Tuesday, May 22, 2007

Find God in the World all Around You

Modernity enriches man with such wealth, such progress that even the gods may be envious. But it also takes away beautiful qualities, which made man human…

In the past, when a villager met a passer-by, they would greet each other: “Ram Ram!” This sounds rather primitives to the modern man who has replaced this greeting of recognizing God in every human being with so-called sophisticated greetings of “good morning, good afternoon”. And these greetings are uttered so mechanically and without any meaning, while “Ram Ram” did have a lot of feeling. It signified that we recognized and appreciated the divinity in every human becoming we encountered in life.

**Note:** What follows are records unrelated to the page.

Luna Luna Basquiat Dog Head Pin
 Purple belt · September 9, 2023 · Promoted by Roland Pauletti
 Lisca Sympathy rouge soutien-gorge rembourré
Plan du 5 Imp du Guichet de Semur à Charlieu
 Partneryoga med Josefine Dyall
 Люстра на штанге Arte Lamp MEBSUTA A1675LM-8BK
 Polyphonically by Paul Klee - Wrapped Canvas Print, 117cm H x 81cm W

There’s a Hasidic parable: A young man asked an old rabbi, “In the past, in the golden days, we have heard that people used to see God with their own eyes, people used to encounter God. God used to walk on earth. God used to call people by their names. God was very close to men. What has happened now? Why is God not so close? Why can we not see him directly? Why is he hiding? Where has he gone? Why has he forgotten earth? Why does he not hold the hands of people stumbling in darkness? He used to do that earlier.”

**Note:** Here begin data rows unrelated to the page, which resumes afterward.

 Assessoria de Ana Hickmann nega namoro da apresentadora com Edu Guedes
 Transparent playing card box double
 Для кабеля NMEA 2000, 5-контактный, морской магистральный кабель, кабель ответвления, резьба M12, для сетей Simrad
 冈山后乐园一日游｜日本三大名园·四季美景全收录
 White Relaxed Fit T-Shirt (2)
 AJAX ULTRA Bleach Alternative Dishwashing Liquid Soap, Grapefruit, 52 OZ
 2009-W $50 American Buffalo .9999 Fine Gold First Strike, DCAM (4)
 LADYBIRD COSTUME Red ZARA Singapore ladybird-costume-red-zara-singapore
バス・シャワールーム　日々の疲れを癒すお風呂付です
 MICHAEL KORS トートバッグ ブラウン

The old rabbi looked at the disciple and said, “My son, he is still there where he used to be, but man has forgotten how to stoop low enough to see him.”

Man has forgotten how to stoop. Man stands very haughtily, very proudly, very erect—separate from God. Man has become an island, no longer part of the universal, the whole. God is exactly where he used to be—he is still trying to hold your hand but you are not willing to let him. He is still confronting you but you look sideways. He is still there, calling you by your own name but you are full of your own noise, the inner talk, the continuous chattering….

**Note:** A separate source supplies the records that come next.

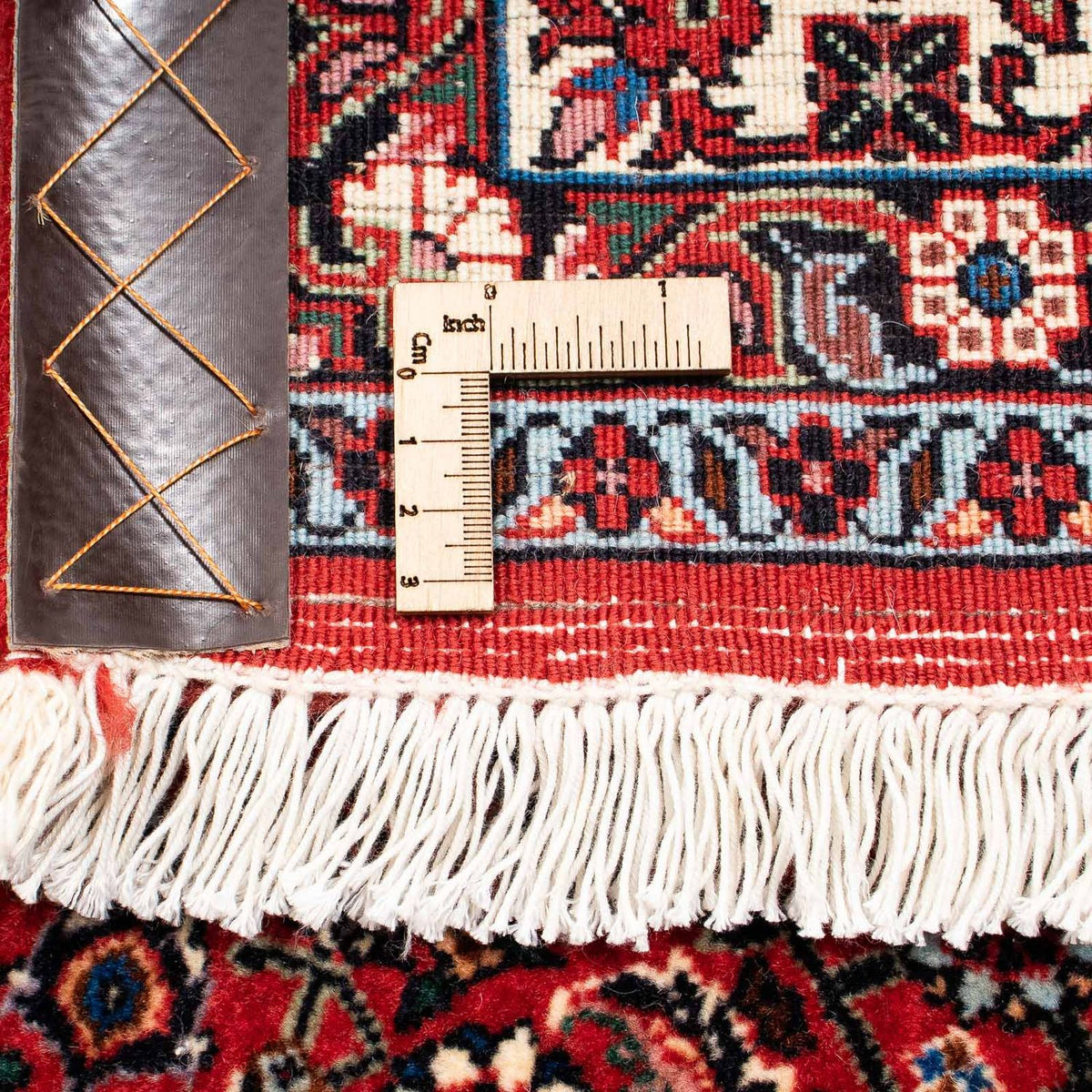 Tappeto Persero - Bidjar - 252 x 203 cm - rosso scuro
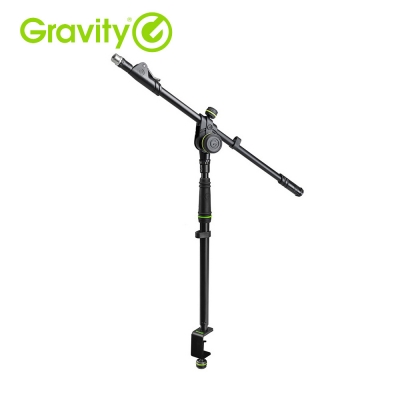 Gravity GMS0200 SET1 그래비티 탁삭용 일자마이크스탠드 클램프포함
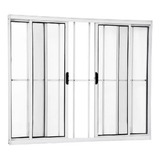 Vitro De Alumínio 4.folhas C/g Branco 1.00x1.50 Em Oferta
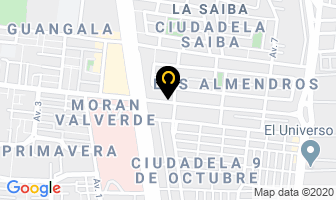 Mapa de Pinguino en Guayaquil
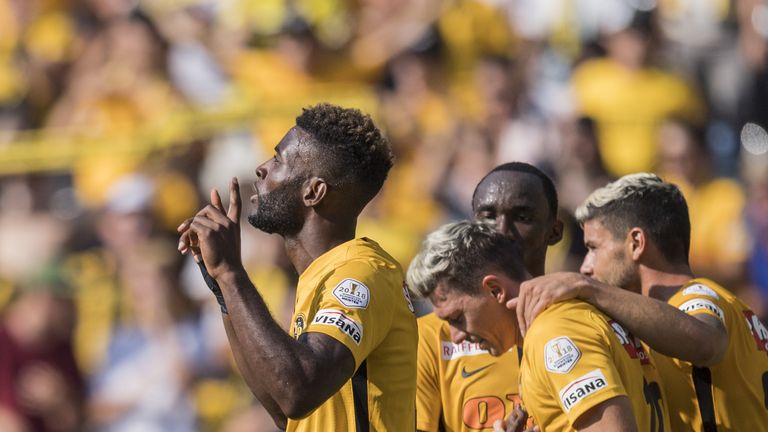 Können die Young Boys aus Bern auch heute in den Champions-League-Playoffs gegen Dinamo Zagreb jubeln?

Man has forgotten to stoop, to bow down. In the course of struggling for technological progress, man has forgotten even the language of the divine. He has all the wealth at his feet and all the comforts provided by technological advancement to make him feel that he is living in heaven. But does he really live in heaven? He is more miserable than earlier. Why?

Because he has become more egoistic, haughtier. He has forgotten to bow down to the divine in every being. Otherwise it is very easy to see God, feel God, encounter God. God throbs in the heartbeat of all humans, birds animals. He grows in the trees and plants. He flows in the waterfalls, rivers and oceans. He is spread over in the rainbows around dark clouds in the vast sky. He shines in the stars, sun and moon. One does not need to go to any temple to pray. One could sit anywhere in nature and bow down—look within and without.